United States District Court, N.D. Texas
Nov 18, 1944
57 F. Supp. 884 (N.D. Tex. 1944)

Opinion


57 F.Supp. 884 (N.D.Tex. 1944) MILLER v. COMMANDING OFFICER, CAMP BOWIE, TEX. Civ. A. No. 1264. United States District Court, N.D. Texas Nov. 18, 1944

        Charles S. McCombs, of Dallas, Tex., for petitioner.

        Clyde G. Hood, Asst. U.S. Atty., and Lieutenant George P. Red, both of Dallas, Tex., for respondent.

        ATWELL, District Judge.

        The petitioner presented an application for a writ a short time before the present petition was filed.
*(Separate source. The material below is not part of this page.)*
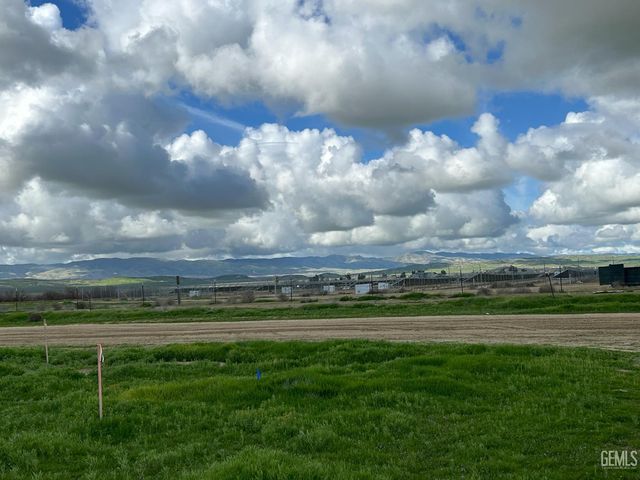 28102 Valley West Road, Taft, CA 93268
I refused the first petition, because it contained allegations and a prayer for a large amount of damages against Army officers, and other extraneous matter. When the present petition reached me it was also inartistically drawn, but it did allege an illegal restraint and a kidnapping and imprisonment by the Army.

        A rule was issued and later counsel was appointed at the request of the petitioner.
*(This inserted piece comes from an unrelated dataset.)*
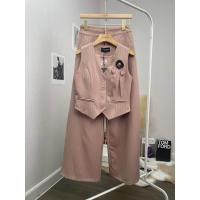 ราคา CHARISSA KLOSET ชุดเซ็ทลายริ้วเสื้อแขนกุด กางเกงขายาว เพื่มความกิมมิคไปอีกกับเข็มกลัด CODE 13700 (22087059207)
        The Selective Service Board for Cook, Nebraska, where the petitioner resided, ordered him to report for induction, after various preliminary steps provided for by that Act had been taken by the Board and by the petitioner. The petitioner's objections centered around a claim of conscientious convictions. Those objections were decided against him by the Boards having jurisdiction over such questions and he was ordered to report for induction.

        He complied with that order but contends that he did not take the oath. His service record shows that 'he was inducted.' It also shows that he refused to take the oath of allegiance.
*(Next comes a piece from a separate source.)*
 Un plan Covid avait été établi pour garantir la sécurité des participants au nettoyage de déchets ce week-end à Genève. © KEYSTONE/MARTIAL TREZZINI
        When this hearing began, witnesses who were called were asked to stand and be sworn by the clerk. The petitioner refused to be sworn, and he was permitted to affirm.

        The testimony further discloses that he has served in the Army for approximately three years. During that time, at his request, he has been given non-combative duty. He has drawn the salary, he has had a number of furloughs from five to eleven days each, and a number of passes for three days each. His conduct has been good, and he has been promoted from a private, a number of times, until he reached the position of Sergeant. He was then demoted, and was afterward again promoted. At present he is a clerk. He has not been required to carry a gun. He has worn the uniform during the entire time, with insignia showing the rank that he has enjoyed.

        He comes from Camp Bowie, where he is at present located, to Dallas, to consult his attorney.

        During his service he has been at Fort Leavenworth, Kansas; Camp Warren, Wyoming; Fort El Reno, Oklahoma; Camps Howze, Barkeley and Bowie, in Texas.

        He has never been under lock and key, nor in jail, nor in the stockade, nor restrained by force. He has had the same liberty as other soldiers in the respective organizations with which he has been connected. He was awarded a good conduct medal. He made no complaint to the In spectors General when they visited the camps where such complaints could have been made without supervision or espionage. He has franked his mail.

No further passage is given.